From Justice Definitions Project

What is Repeal?

Repeal refers to the revocation of a law enacted by the legislature by the means of a subsequent legislation. When a law is repealed, it is abrogated and ceases to exist in the statute books.

Official Definitions of Repeal

General Clauses Act, 1977

Section 6 of the Act lays down the effect of repeal. It clarifies that the repealing of a law does not revive anything which was not in force at the time of the repeal, nor does it affect any rights, liabilities or proceedings created prior to the repeal, unless a different intention appears.

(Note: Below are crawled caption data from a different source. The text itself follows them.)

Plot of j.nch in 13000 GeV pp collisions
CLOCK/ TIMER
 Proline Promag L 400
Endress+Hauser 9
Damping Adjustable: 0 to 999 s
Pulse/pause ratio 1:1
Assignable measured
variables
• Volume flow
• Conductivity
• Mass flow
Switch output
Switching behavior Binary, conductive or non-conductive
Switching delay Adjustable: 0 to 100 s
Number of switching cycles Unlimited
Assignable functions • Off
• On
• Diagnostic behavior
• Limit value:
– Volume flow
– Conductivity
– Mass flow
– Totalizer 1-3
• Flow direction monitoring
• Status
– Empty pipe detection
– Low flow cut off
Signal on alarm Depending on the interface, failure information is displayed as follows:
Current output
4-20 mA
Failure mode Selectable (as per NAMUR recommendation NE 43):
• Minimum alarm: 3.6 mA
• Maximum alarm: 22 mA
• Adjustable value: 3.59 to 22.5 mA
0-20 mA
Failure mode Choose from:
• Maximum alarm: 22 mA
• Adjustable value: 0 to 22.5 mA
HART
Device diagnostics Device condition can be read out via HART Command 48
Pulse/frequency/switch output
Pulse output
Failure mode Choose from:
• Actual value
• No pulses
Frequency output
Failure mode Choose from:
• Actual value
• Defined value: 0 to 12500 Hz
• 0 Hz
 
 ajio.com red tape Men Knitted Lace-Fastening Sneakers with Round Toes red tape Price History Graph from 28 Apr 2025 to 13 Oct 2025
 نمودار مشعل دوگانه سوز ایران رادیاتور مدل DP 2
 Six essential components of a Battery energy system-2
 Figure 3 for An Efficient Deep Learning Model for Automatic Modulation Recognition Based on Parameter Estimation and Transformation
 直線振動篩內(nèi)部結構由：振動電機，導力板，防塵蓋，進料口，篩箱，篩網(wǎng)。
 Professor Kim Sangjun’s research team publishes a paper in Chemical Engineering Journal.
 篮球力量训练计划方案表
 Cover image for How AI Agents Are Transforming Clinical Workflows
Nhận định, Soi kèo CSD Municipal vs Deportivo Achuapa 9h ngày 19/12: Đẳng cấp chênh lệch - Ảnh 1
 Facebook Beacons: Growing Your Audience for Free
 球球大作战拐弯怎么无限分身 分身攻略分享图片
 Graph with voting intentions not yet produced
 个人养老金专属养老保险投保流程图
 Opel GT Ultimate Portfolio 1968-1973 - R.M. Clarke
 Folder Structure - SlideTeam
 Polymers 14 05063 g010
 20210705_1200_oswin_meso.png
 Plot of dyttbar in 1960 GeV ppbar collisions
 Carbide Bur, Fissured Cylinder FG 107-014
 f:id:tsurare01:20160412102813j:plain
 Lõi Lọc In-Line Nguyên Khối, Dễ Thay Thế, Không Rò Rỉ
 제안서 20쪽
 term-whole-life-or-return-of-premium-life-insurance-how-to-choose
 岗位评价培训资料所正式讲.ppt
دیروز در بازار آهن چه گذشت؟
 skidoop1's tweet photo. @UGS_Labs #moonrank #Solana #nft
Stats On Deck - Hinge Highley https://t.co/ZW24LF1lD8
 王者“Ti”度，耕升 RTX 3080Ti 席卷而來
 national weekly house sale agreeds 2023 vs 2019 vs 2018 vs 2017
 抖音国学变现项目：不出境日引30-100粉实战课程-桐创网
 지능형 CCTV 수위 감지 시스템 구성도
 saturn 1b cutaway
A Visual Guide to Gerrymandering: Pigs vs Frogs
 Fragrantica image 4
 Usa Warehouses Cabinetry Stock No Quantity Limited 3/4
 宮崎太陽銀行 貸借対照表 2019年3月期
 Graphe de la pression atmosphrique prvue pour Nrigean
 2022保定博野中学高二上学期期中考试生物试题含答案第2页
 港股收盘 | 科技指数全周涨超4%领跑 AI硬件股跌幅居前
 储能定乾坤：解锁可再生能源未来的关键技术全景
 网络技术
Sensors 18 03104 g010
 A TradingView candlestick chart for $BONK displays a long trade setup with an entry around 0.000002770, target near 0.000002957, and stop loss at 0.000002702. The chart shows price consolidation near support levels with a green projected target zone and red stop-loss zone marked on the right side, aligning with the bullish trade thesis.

Section 6A concerns the effect of repealing an Amending Act. It states that such repeal will not affect the continuance of the amendment itself, unless a contrary intention appears.

Case Law

In Kolhapur Cane Sugar Works v. Union of India, the Supreme Court noted that when a statute is repealed, it is obliterated from the statute books as if it had never been passed. Section 6 of the General Clauses Act, 1977 only creates an exception in this regard.[1]

Types of Repeal

The repeal of a law may be either explicit or implied.

Explicit Repeal

A repeal is explicit when a law is expressly repealed in the subsequent enactment.

Implied Repeal

Implied repeal occurs when the provisions of a subsequent law are contrary to the earlier law, resulting in the implication that it was the legislature’s intent to repeal the earlier legislation by enacting the subsequent one. This is based on the Latin maxim leges posteriores priores contrarias abrogant, or ‘later laws abrogate earlier laws’.[2]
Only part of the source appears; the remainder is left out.